彼はキャンプが好きで、林道というか、山の中が好きで、ひとりでも数人でも、特にこだわらず、すいすいと走り、野営し、きれいに撤収して帰ってくる。

大学時代は「天文研」に入っていた。


彼のキャンプ時の動きはすばらしい。

急ぐでなく、豪華でも、超絶でもなく、普通にテントを立て、枯れ枝を調達し、適当に折って火を起こし、大きすぎない火をキープしながら、簡単な料理を作る。
それは、凝りすぎず、片付けが簡単で、でも栄養バランスはそこそこあるかも…的なもので、でもちょっと華があり、特別感が少し味わえるものだ。そしてそれがまた、旨い。
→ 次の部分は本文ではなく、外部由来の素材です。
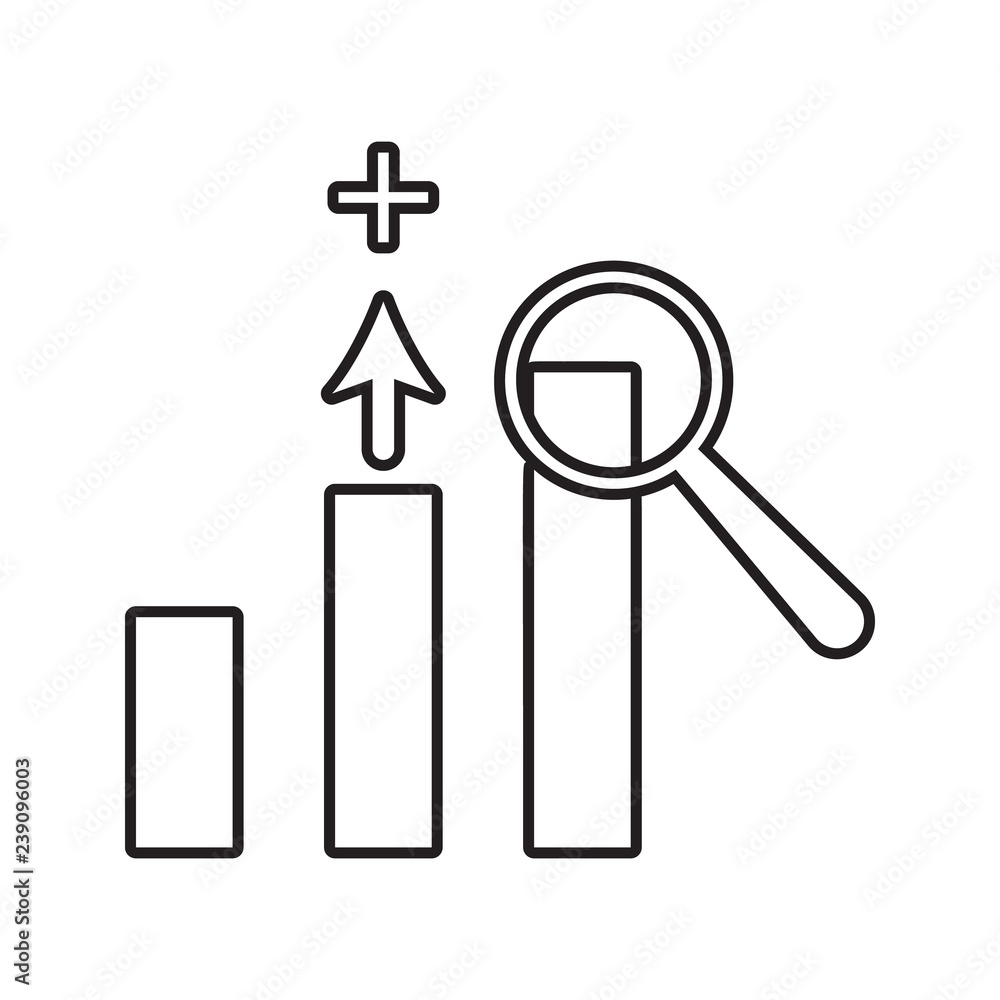 Poster growth chart icon. element of conversation and friendship for mobile concept and web apps icon. thin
彼はオフローダーだが「草原に見える牧草地」には決して踏み込まない。

数年に一度しか一緒に走ることはないが、
彼の走り、彼のあり方には、いつも「気持ちよさ」をもらえる。

偶然、YouTube、でヤマハセロー30周年の
「ソロキャンプツーリングムービー」を見つけた。

有名なモデルさんが演じたキャンプツーリングは、
バイクでのソロキャンプの魅力を、とてもよく表現していると思った。

草原を走るシーンがあったが、これも、ロケーションをきちんとして、走っていいところで撮っているはずだ。
こうした「走っていいオフ」がどんどん減ってきているのは、寂しさも感じるが、
しかたがないことではあるのだろう。

ちょっとおしゃれすぎると思う人もいるかもしれないが、
この雰囲気は、彼のキャンプと、とても似ていた。
彼はもう少し泥臭く、もう少しモデルっぽくないんだが、

動画はYouTube、ヤマハの公式「YAMAHA SEROW SOLO CAMP TOURING MOVIE」
動画の長さは6分00秒です。

それででも、なんだか、彼を見ているようだった。
とっても良くできたビデオだと思った。

ビデオを見ていて、彼を思い出した。